## TASK TO COMPLETE
Without including the pictures, copy each line below exactly as it reads.
#### MATERIAL SUPPLIED ####
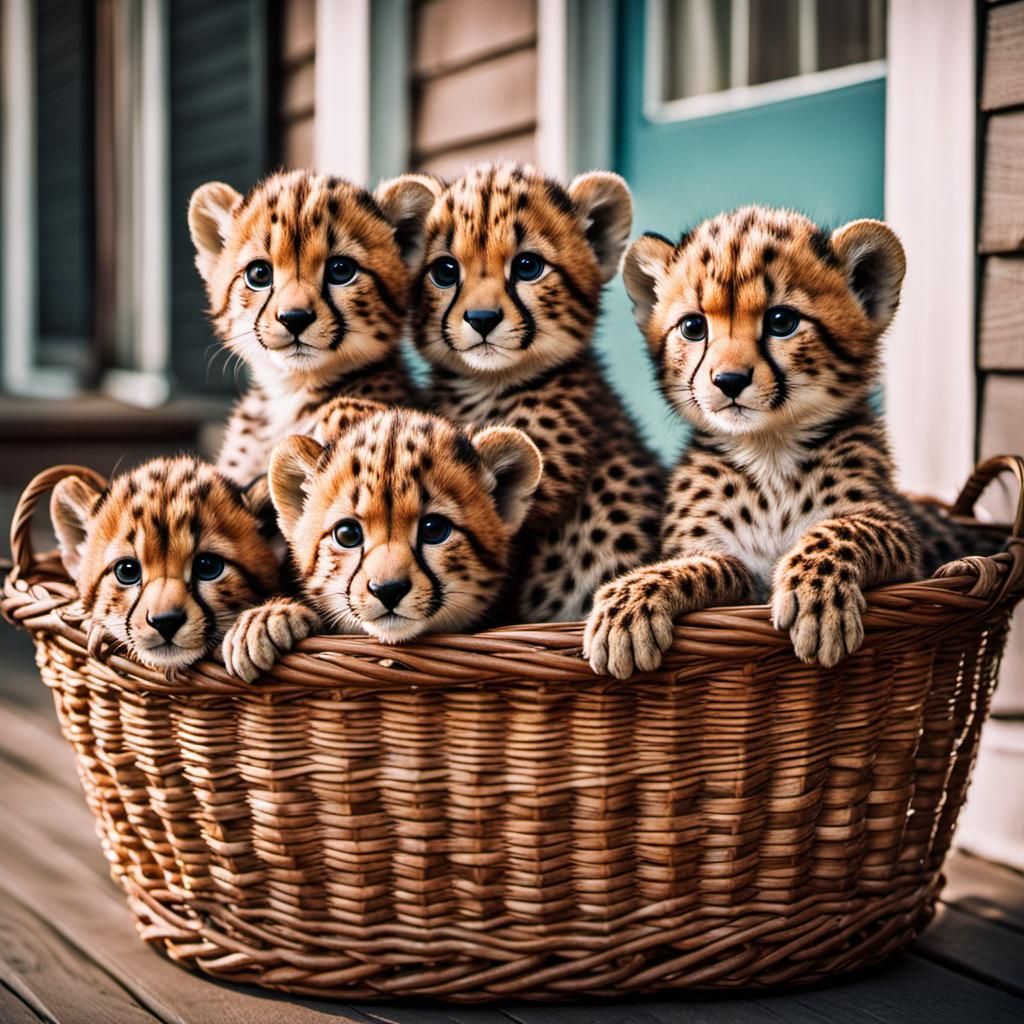 Cute Kawaii Cheetah Cubs in Hawthorne Basket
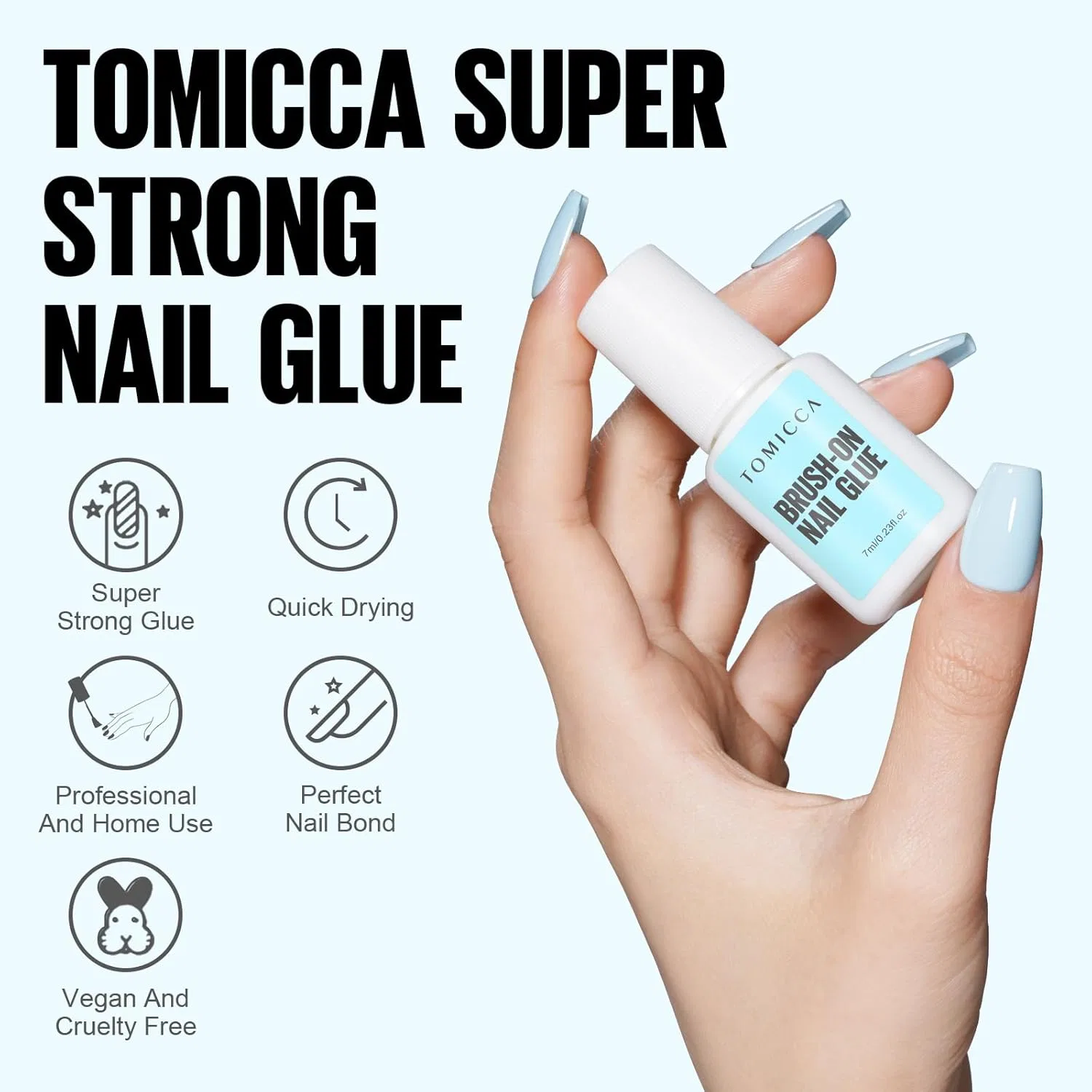 Клей для накладных ногтей TOMICCA с кисточкой Tomicca, Quick-Drying Nail Glue, 1 X 7 G — фото 4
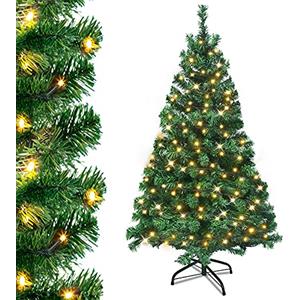 UISEBRT Albero di Natale con Luci LED Albero Natalizio Artificiale in PVC Verde, Supporto in Metallo, per Decorazioni Natalizie, 180cm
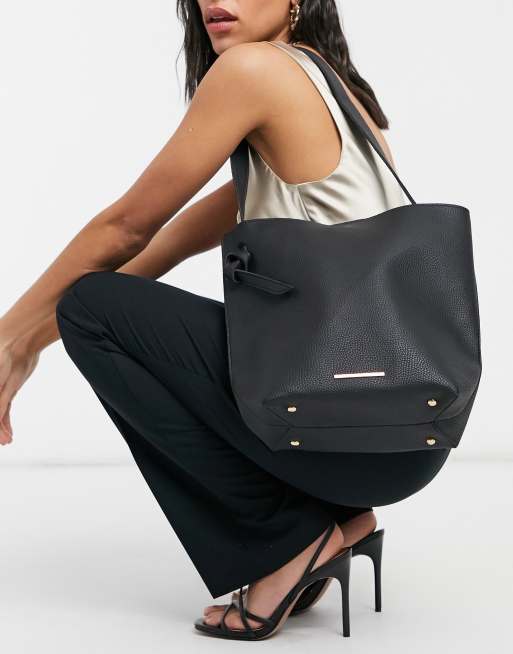 French Connection Slouchy Tote in black | ASOS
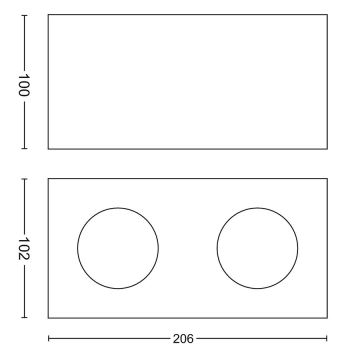 Philips 50492/31/P0 - Φωτιστικό σποτ Dimming LED MYLIVING BOX 2xLED/4,5W/230V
####
## WRITTEN ANSWER
 Cute Kawaii Cheetah Cubs in Hawthorne Basket
 Клей для накладных ногтей TOMICCA с кисточкой Tomicca, Quick-Drying Nail Glue, 1 X 7 G — фото 4
 UISEBRT Albero di Natale con Luci LED Albero Natalizio Artificiale in PVC Verde, Supporto in Metallo, per Decorazioni Natalizie, 180cm
 French Connection Slouchy Tote in black | ASOS
 Philips 50492/31/P0 - Φωτιστικό σποτ Dimming LED MYLIVING BOX 2xLED/4,5W/230V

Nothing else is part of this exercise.